The averaging processing unit 78 receives the d-axis current second harmonic phase I _{2hphi_d} and the d-axis current second harmonic amplitude I _{2hamp_d} from the amplitude/phase calculator 70, and the q-axis current second harmonic phase I _{2hphi_q} and the q-axis current second harmonic amplitude I _{2hamp_q} from the amplitude/phase calculator 76, and averages these amplitudes and phases to output the averaged second harmonic phase I _2hphi and the averaged second harmonic amplitude I _2hamp . The low-pass filter 80 receives the averaged second harmonic phase I _2hphi and the averaged second harmonic amplitude I _2hamp from the averaging processing unit 78, and removes the high-frequency components of the averaged second harmonic phase I _2hphi and the averaged second harmonic amplitude I _2hamp to output the second harmonic phase I _2hphif and the second harmonic amplitude I _2hampf . The transmission frequency band of the low-pass filter 80 should be set appropriately so that the high-frequency components of the averaged second harmonic phase I _2hphi and averaged second harmonic amplitude I _2hamp can be removed to the extent that the short-circuit detection processing unit 82, described later, can determine a rare short circuit. For example, the transmission frequency band of the low-pass filter 80 is set to be less than or equal to the transmission frequency band of the band-pass filter 64.

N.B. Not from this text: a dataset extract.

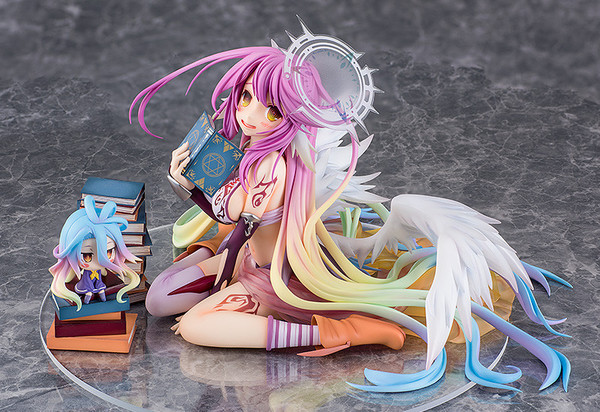 Jibril, Shiro, No Game No Life, Phat Company, Pre-Painted, 1/7, 4560308574994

The short-circuit detection processing unit 82 receives the second harmonic phase I _2hphif and second harmonic amplitude I _2hampf from the low-pass filter 80 and determines whether the motor 16 is in a rare short-circuit state based on the second harmonic phase I _2hphif and second harmonic amplitude I _2hampf . Furthermore, if the motor 16 is in a rare short-circuit state, the short-circuit detection processing unit 82 can determine whether it is a phase-to-phase short circuit or a turn-to-turn short circuit. In addition, if the motor 16 is in a phase-to-phase short circuit, the short-circuit detection processing unit 82 can determine whether it is a V-phase to W-phase short circuit (VW phase-to-phase short circuit), a W-phase to U-phase short circuit (WU phase-to-phase short circuit), or a U-phase to V-phase short circuit (UV phase-to-phase short circuit), and the degree of the short circuit. Furthermore, the short-circuit detection processing unit 82 can determine whether the motor 16 is experiencing a turn-to-turn short circuit in the U-phase, V-phase, or W-phase, and can also determine the degree of the short circuit. The determination process in the short-circuit detection processing unit 82 will be described later.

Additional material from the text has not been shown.